RECORDS SHOWN –
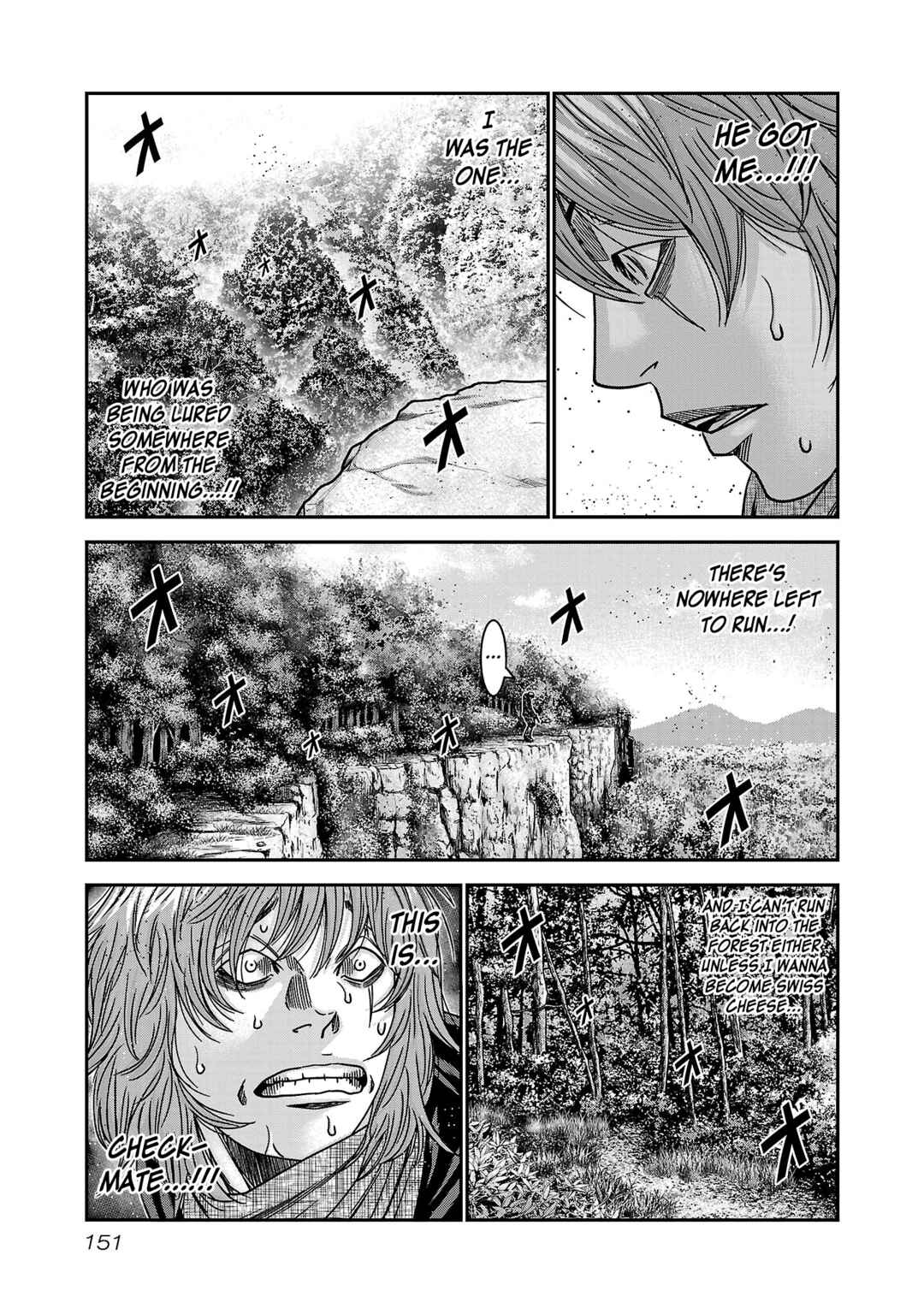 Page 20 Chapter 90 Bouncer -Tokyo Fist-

--

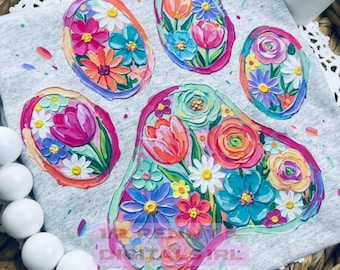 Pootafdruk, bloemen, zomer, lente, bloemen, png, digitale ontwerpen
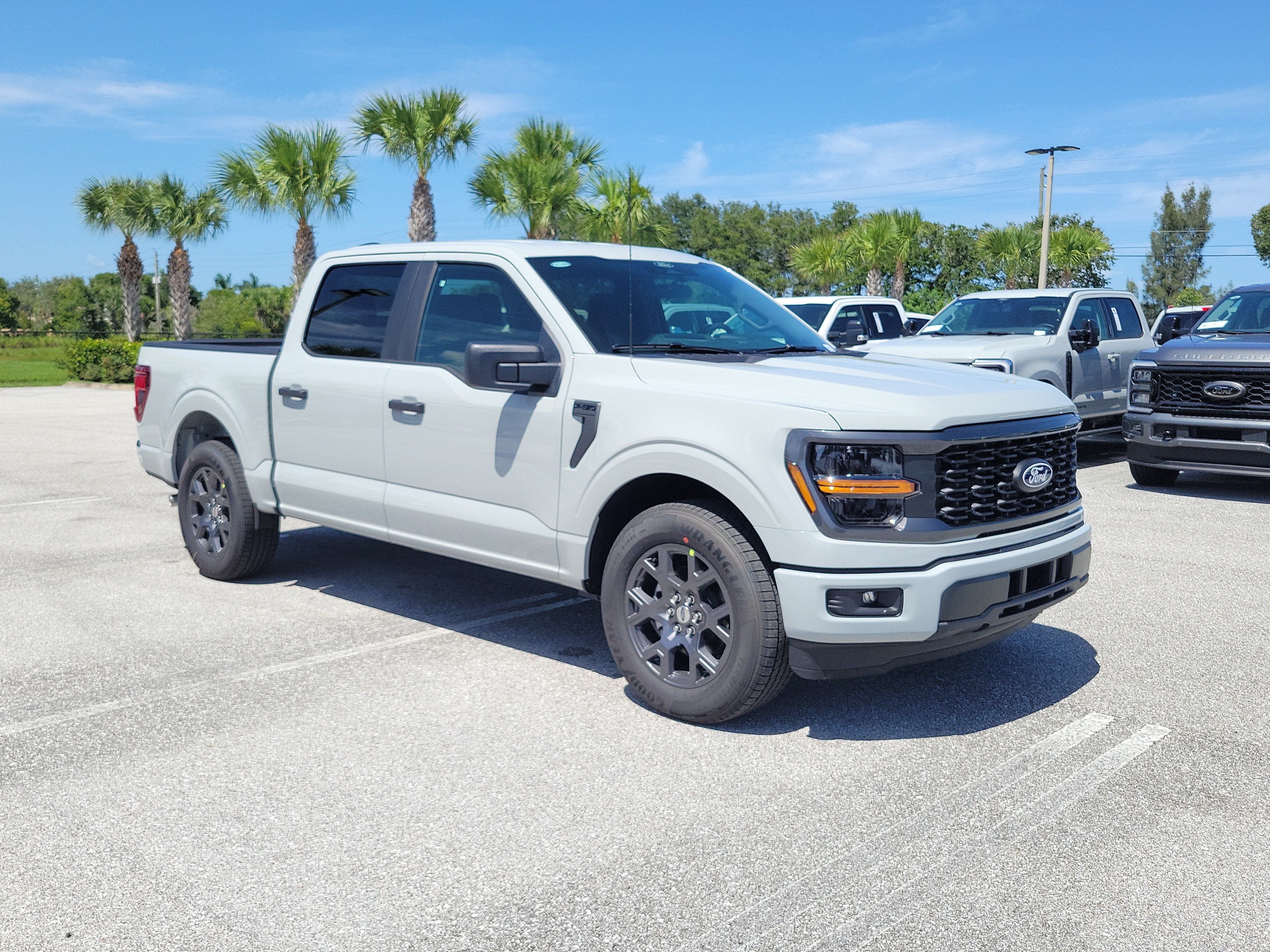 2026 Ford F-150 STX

GOAL OF THE EXERCISE –
Your task is to copy only the lines above starting at the one containing "Pootafdruk, bloemen, zomer, lente, bloemen, png, digitale" and ending at the one containing "2026 Ford F-150 STX". Copy them exactly, both ends included, and omit the pictures.

COMPLETED EXERCISE –
 Pootafdruk, bloemen, zomer, lente, bloemen, png, digitale ontwerpen
 2026 Ford F-150 STX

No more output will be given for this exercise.